Shafiq is batting not just for himself, but for Nos. 7, 8, 9, 10 and 11 as well. He epitomises CLR James' portrait in his classic Beyond a Boundary (1963) of the batsman as the ultimate team player. When facing the ball, writes James, he "does not merely represent his side. For that moment, to all intents and purposes, he is his side."

Without doubt, all batsmen can improve their confidence, resilience and other mental attributes if they're willing to practise. "Mental skills are like physical skills," says Bull. "You have to work at them relentlessly. You have to challenge your brain to get better at blocking out the negatives and replacing them with positives."

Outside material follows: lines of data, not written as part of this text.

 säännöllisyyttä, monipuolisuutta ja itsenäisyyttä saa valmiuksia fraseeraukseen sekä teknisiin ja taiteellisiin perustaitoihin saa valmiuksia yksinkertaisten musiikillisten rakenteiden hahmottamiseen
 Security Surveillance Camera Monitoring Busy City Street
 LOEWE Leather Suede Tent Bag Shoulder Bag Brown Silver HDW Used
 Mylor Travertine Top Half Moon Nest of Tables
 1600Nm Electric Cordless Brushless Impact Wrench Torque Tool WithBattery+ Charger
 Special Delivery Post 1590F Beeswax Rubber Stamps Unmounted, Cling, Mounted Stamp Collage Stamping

Yet it also seems clear that some people are inherently better at this than others. In 2005, Bull carried out a psychological analysis of 12 English cricketers from the previous two decades whom county coaches had identified as the toughest mentally in the country. Among them were Atherton, Graham Gooch and Alec Stewart. Bull found them all to be highly competitive and motivated, full of self-confidence and with a never-say-die attitude, some of which derived from their upbringing, some from the teams they had played with and some from their personality.

For the rest of us, it is comforting to know that we can learn such skills - and that even the greats can struggle at times. Even Don Bradman called batting "a nerve-racking business". In The Art of Cricket (1958), he implores us to give a thought to the batsman's travails as he wends his way to the wicket: "He is human like you, and desperately anxious to do well."